These animations are so important to the lore of the game that Cassidy’s (formerly known as McCree) short Reunion revealed hero Echo without her abilities or visuals fully formed by developers. The team did not know how she was going to play before it released a first look at the robot. That’s how important these animations are. They led the game’s development.
And it’s not just Overwatch
Overwatch isn’t the only one who’s done this. Rainbow Six Siege has also turned out some dark yet gorgeous short introductions to characters that play when you unlock them in-game. Tonally very different to Overwatch and TF2’s, but contextual cinematics to give you a reason that these characters are who they are. As Siege is still in development we still see character shorts as new faces arrive on the scene, weaving a somewhat odd fiction where the world’s most capable tactical experts compete at breaching and clearing inside a big football arena.
Valorant, a more recent example, also produces cinematics and the added Riot Games flair of music videos. Valorant’s gameplay in particular limits the amount of expression the characters can have in comparison to Overwatch or TF2. All Valorant characters have to be the same size and use the same movement to create a level playing field. So it’s voicelines and these shorts that manage to give them any real personality.
Though the success of a hero shooter doesn’t depend entirely on shorts, it’s quite interesting that some of the failed hero shooters I can think of didn’t have shorts or didn’t make use of them well. I quite liked Crucible, for example, Amazon Games’ attempt at a MOBA-shooter hybrid, but for its short life any information about its characters was tucked away in written logs.
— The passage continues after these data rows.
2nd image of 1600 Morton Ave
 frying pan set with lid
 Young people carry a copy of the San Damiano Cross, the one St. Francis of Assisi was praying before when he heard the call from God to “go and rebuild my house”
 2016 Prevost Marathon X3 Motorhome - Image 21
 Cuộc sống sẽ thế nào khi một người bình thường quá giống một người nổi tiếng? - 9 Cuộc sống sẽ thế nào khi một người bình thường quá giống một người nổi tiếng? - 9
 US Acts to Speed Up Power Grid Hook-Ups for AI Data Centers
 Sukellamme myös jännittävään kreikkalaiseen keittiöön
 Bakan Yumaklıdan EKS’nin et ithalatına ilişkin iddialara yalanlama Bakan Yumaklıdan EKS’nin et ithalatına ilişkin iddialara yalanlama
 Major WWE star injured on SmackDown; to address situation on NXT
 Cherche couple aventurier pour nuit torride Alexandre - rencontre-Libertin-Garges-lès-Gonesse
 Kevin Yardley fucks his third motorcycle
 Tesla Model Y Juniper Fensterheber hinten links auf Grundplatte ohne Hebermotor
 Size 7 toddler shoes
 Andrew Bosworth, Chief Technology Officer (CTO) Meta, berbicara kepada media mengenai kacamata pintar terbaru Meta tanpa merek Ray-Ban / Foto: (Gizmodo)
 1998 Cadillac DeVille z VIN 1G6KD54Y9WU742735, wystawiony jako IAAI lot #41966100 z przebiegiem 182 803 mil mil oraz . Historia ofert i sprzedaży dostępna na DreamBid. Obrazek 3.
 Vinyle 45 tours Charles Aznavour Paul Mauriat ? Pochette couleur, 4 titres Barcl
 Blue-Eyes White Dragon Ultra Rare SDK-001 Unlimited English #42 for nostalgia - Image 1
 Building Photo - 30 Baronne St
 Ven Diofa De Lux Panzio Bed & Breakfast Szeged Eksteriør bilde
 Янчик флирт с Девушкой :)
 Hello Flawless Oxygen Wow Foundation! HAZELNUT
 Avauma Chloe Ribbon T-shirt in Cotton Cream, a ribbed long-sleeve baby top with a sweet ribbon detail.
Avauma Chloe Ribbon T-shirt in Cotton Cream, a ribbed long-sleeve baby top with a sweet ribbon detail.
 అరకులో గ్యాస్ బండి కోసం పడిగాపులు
Battleborn opened with an awesome stylised fight scene as an original introduction to some of its characters. This, however, was focused on their abilities rather than a sign of who these people were. It’s one massive action scene. Maybe more animation exploring its roster would have helped attract more players.
Ninja Theory actually released four character shorts for its Bleeding Edge roster but they’re strangely shrouded in darkness. Introductions to Buttercup, Daemon, Níðhöggr, and Kulev are at odds with the game’s other marketing which went for bombastic, colourful, and comedic. The shorts are more like found-footage videos with darkened environments for all but Buttercup’s. Daemon’s short shows just the shadowy outline of his demonic mask, before he kills a bunch of guards effortlessly. But when you actually look at the character model he’s dressed in all the colours of the rainbow—it’s kind of a weird juxtaposition. It’s worth noting Bleeding Edge’s shorts only have 9-13 thousand views each.
But are shorts the true sign of success?
Perhaps hero shorts aren’t in themselves cause for success but a sign of a game’s production going well. Developers need to have a solid grasp of its characters, ample funding, extra animators, and plenty of time to be able to produce something to go alongside the main product. Having the luxury of character shorts may just show us that the studio is incredibly dedicated to the product’s success and longevity and has the money to back that product up. You need players to want to know more about your roster, buy their merch, sit in D.Va chairs on stream (that’s a self-burn, I have one of those), and cosplay your heroes.
And at the centre of all of that is Team Fortress 2. It formed the hero shooter as we know it with the Meet the Team shorts. They’re the basis for the genre’s success in making us all care about a game’s classes even when gameplay can’t deliver that emotional connection. So thanks Valve, for making Meet the Team so hilarious and engaging. Actually it wouldn’t do any harm to just watch them all again right now, would it? Let’s just call it research.